Homeported at Naval Station Newport at Newport, Rhode Island, Dealey steamed on local exercises, cruised to Key West, Florida, to serve with the Fleet Sonar School, and joined in convoy exercises in the Caribbean during her first two-and-a-half years of service.

On 4 January 1957 she departed Newport for a South American cruise, returning 21 March 1957 for exercises off the United States East Coast. North Atlantic Treaty Organization (NATO) exercises in the Irish Sea in September and October 1957 took her to Plymouth, England, and Brest and Cherbourg, France.

On 12 May 1958 Dealey sailed for the Mediterranean as flagship of Escort Squadron 10 (CortRon 10), screening the aircraft carrier to her duty with the United States Sixth Fleet. Dealey patrolled the eastern Mediterranean during the Lebanon crisis and returned to Newport on 7 October 1958.

On 3 February 1959 Dealey put to sea for Guantanamo Bay Naval Base, Cuba, and after exercises there transited the Panama Canal for calls at Buenaventura, Colombia; Salinas, Ecuador; Talara and Callao, Peru; and Valparaíso and Antofagasta, Chile. During this cruise she exercised with the navies of all four countries. She returned to Newport on 20 April 1959, and sailed on NATO exercises, calling at Derry, Northern Ireland; Greenwich, England; and Lisbon, Portugal, before returning to Newport on 11 October 1959. She operated in the Narragansett Bay area for the remainder of 1959.
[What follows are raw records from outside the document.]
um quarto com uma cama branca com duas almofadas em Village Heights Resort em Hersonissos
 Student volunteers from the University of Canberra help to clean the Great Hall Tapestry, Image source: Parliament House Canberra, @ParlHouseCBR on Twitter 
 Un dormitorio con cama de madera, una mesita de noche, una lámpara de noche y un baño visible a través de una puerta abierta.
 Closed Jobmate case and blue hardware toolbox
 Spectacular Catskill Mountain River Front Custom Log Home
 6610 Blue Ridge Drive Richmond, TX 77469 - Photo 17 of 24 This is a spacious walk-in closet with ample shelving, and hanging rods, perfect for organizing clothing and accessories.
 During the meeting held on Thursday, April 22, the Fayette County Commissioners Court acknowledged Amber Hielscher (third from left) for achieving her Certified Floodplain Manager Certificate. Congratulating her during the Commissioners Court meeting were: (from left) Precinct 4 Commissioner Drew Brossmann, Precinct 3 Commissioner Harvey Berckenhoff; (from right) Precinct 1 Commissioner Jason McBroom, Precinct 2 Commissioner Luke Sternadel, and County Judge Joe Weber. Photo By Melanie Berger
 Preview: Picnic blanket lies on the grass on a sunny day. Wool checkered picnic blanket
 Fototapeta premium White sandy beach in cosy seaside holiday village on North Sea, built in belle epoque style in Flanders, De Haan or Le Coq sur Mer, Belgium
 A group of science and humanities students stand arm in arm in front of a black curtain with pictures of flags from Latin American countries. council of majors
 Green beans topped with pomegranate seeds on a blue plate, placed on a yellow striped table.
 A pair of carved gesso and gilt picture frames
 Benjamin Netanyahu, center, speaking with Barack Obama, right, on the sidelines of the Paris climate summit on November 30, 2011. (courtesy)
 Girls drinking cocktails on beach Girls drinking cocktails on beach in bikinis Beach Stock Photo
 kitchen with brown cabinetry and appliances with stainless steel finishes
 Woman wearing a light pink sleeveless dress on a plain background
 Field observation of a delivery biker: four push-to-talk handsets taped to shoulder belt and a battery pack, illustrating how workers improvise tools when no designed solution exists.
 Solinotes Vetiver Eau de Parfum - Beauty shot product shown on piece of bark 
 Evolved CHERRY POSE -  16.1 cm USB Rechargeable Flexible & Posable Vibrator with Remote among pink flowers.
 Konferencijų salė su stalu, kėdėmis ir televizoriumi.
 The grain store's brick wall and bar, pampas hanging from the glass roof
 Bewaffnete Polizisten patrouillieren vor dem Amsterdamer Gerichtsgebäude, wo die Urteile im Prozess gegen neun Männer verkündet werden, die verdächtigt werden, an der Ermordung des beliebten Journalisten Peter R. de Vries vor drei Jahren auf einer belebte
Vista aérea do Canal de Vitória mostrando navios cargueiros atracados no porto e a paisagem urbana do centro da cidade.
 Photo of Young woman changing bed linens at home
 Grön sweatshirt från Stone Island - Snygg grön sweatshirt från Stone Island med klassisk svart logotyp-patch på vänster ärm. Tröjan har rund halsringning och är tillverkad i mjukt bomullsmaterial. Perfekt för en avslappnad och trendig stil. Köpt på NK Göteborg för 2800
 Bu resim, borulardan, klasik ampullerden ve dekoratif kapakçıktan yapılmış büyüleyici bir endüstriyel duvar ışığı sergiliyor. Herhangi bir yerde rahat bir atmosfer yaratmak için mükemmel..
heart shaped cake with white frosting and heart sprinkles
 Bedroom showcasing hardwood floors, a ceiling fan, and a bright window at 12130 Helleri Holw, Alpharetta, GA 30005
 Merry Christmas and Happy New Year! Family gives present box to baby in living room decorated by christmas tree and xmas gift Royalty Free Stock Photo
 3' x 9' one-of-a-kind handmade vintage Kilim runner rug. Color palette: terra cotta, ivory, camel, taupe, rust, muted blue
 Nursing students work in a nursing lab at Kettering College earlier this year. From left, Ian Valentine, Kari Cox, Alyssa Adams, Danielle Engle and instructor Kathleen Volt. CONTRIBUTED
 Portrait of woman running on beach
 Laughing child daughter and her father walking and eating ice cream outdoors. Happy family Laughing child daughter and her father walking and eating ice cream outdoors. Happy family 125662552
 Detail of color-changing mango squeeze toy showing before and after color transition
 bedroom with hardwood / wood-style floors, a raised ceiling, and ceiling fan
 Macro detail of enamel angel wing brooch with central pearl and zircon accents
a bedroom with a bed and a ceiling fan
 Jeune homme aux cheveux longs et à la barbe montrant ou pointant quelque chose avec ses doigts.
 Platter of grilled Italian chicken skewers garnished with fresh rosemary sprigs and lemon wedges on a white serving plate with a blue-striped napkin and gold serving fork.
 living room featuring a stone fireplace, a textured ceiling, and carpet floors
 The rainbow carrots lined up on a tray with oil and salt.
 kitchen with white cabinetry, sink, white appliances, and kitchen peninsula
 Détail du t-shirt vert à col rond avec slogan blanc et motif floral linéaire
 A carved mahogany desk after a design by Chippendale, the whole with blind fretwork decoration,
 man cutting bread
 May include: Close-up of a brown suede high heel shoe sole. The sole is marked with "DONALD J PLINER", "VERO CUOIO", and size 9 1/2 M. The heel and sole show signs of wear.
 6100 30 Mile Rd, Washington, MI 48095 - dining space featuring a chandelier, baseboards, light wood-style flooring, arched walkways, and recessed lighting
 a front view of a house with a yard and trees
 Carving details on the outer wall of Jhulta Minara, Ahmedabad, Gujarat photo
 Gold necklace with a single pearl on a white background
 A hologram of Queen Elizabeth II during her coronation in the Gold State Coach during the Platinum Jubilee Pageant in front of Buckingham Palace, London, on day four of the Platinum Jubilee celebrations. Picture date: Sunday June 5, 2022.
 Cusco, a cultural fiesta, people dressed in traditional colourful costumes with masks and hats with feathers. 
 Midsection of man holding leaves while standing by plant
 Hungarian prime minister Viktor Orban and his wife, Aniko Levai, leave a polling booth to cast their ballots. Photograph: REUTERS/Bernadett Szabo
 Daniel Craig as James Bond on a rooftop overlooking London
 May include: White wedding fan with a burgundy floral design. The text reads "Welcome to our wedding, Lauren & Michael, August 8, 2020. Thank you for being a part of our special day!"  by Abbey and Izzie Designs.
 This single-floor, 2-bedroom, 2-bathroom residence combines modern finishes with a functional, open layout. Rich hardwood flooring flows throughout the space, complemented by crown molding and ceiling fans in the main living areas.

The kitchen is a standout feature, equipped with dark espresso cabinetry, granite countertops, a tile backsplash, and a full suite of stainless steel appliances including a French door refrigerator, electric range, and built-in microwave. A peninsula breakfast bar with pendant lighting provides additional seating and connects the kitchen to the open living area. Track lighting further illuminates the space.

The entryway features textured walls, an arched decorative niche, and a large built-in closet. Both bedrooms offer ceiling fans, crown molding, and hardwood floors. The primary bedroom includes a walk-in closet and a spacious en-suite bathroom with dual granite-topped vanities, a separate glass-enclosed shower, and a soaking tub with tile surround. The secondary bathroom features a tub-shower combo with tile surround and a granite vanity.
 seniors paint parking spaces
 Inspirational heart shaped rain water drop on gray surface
Dealey continued these operations, plus a cruise to the Caribbean and an amphibious exercise off the Virginia and North Carolina coasts, until 20 June 1960 when she began a short overhaul at the New York Naval Shipyard in Brooklyn, New York. Returning to Newport on 22 July 1960, she prepared for distant duty. On 22 August 1960, she sailed for exercises in the Caribbean, and continued on a voyage around South America. After visits to Trinidad, Venezuela, and Colombia, Dealey sailed through the Panama Canal, down the coast of South America, calling in Ecuador, Peru, and Chile, transited the Straits of Magellan, and turned northward, visiting Argentina, Uruguay, Brazil, and Trinidad. After riding out a wild storm, Dealey arrived home in Newport coated in ice on 13 December 1960; she passed the remainder of 1960 there.

== ROU 18 De Julio (DE-3) ==
Dealey was decommissioned on 28 July 1972 and simultaneously stricken from the Naval Vessel Register. She was transferred to the Uruguayan Navy the same day, and renamed ROU 18 De Julio (DE-3), the third ship to commemorate the date of the adoption of Uruguay's first constitution. She arrived at Montevideo, Uruguay on 17 April 1973.

In 1981, 18 de Julio rescued the crew of the merchant ship MS Harp, sunk in heavy storm in the South Atlantic Ocean.

18 de Julio was stricken and broken up for scrap during 1991.